Experiment 018: Multi-Row Step (Batch N Rows Per FFI Call)
Date: 2026-04-07
Status: Rejected
Hypothesis
Stepping 64 rows per FFI call instead of 1 would reduce FFI crossing overhead from 5000 calls to ~78 calls at 5000 rows. At ~50ns saved per call (with isLeaf), that's ~245μs saved.
What We Built
New C function resqlite_step_rows that:
- Steps up to N rows per call (batch size = 64)
- Copies text/blob data into a side buffer (since
sqlite3_column_textpointers are invalidated by the nextsqlite3_step) - Returns actual row count and a status code (SQLITE_ROW, SQLITE_DONE, or RESQLITE_BUFFER_FULL)
Updated Dart _selectOnWorker and _selectWithDepsOnWorker to call _resqliteStepRows in a loop, processing all rows in each batch before the next FFI call.
Issues
- Alignment crash: The packed string buffer produced unaligned pointers.
_fastDecodeTextdoes a word-at-a-time ASCII check by casting toInt64*, which requires 8-byte alignment. Fixed by adding an alignment guard (ptr.address & 7 == 0).

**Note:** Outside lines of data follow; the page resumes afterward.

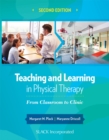 Image for Teaching and Learning in Physical Therapy : From Classroom to Clinic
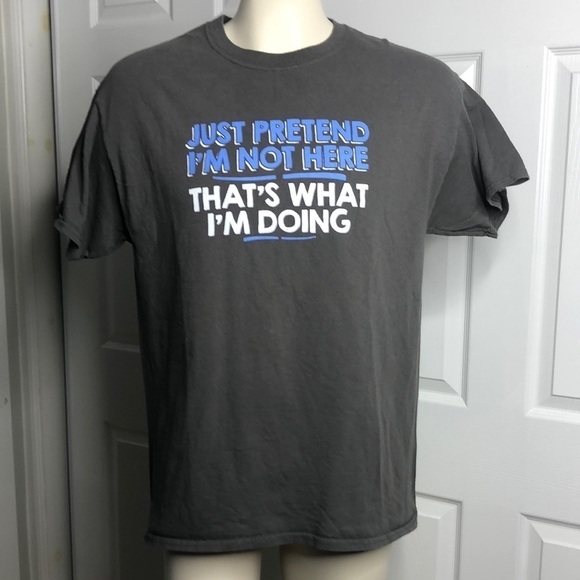 Feelin Good Tees Just Pretend I’m Not Here Gray Blue T Shirt Funny Laugh L - Picture 1 of 5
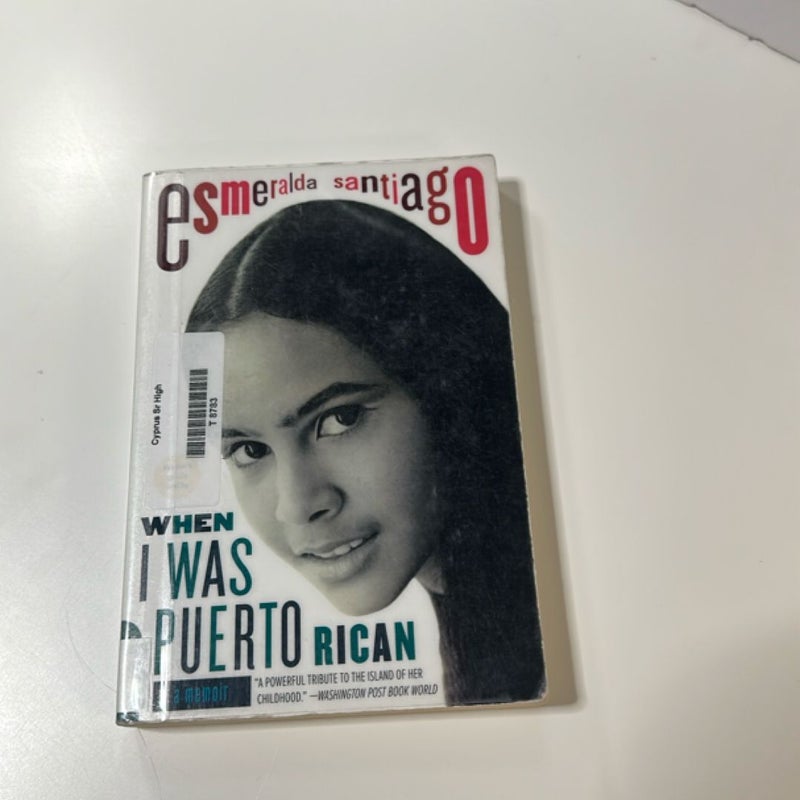 When I Was Puerto Rican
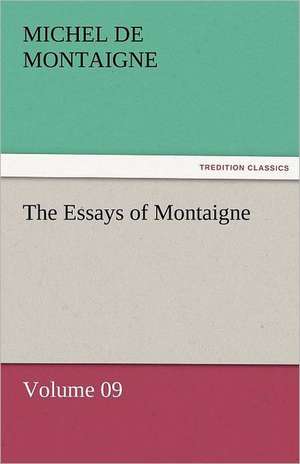 The Essays of Montaigne - Volume 09 de Michel de Montaigne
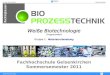 Dr.-Ing. Frank Eiden Biotechnologie Weiße Biotechnologie: 1 Fachhochschule Gelsenkirchen Sommersemester 2011 Weiße Biotechnologie Gruppenarbeit Gruppe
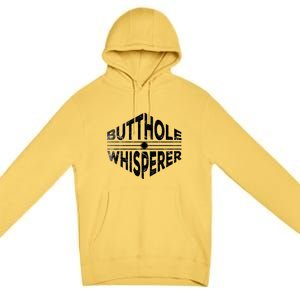 Butthole Whisperer Premium Pullover Hoodie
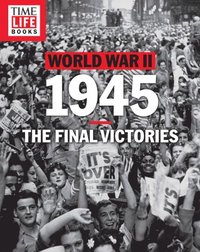 bokomslag Time-Life World War II: 1945: The Final Victories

- String copy overhead: The fundamental problem — every text value must be
memcpy'd from SQLite's internal buffer into our side buffer, becausesqlite3_column_textpointers are invalidated by the nextsqlite3_step. With single-row stepping, Dart reads directly from SQLite's pointer (zero copy). Multi-row stepping adds a mandatory copy for every string.
Results
| Benchmark | Before | After | Delta |
|---|---|---|---|
| Select Maps 100 rows | 0.34ms | 0.28ms | -18% (noise) |
| Select Maps 5000 rows | 2.40ms | 2.52ms | +5% |
| Schema Text-heavy | 0.62ms | 0.77ms | +24% regression |
| Schema Nullable | 0.40ms | 0.50ms | +25% regression |
| Parameterized 100×500 | 23.83ms | 19.49ms | -18% (noise — recovering from bad prior run) |
The text-heavy and nullable regressions are real — the memcpy overhead for string data exceeds the FFI crossing savings.
Why It Failed
The current single-row approach reads text directly from SQLite's internal memory — a pointer that's valid until the next sqlite3_step. This is effectively zero-copy for text. Multi-row stepping breaks this by requiring a copy of every string into a side buffer so it survives past subsequent steps.

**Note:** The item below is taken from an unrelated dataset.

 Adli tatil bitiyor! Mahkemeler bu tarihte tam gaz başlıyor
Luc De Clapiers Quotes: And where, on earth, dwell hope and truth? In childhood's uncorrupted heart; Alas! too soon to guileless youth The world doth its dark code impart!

The FFI crossing overhead we were trying to eliminate (~250μs at 5000 rows) is smaller than the memcpy cost added for text-heavy schemas. The trade-off only works for numeric-only schemas with no strings, which is not a realistic workload.
Decision
Rejected. Single-row stepping with direct SQLite pointer access is faster than multi-row stepping with string copies. The FFI crossing cost (~50ns per call with isLeaf) is already low enough that batching doesn't justify the copy overhead.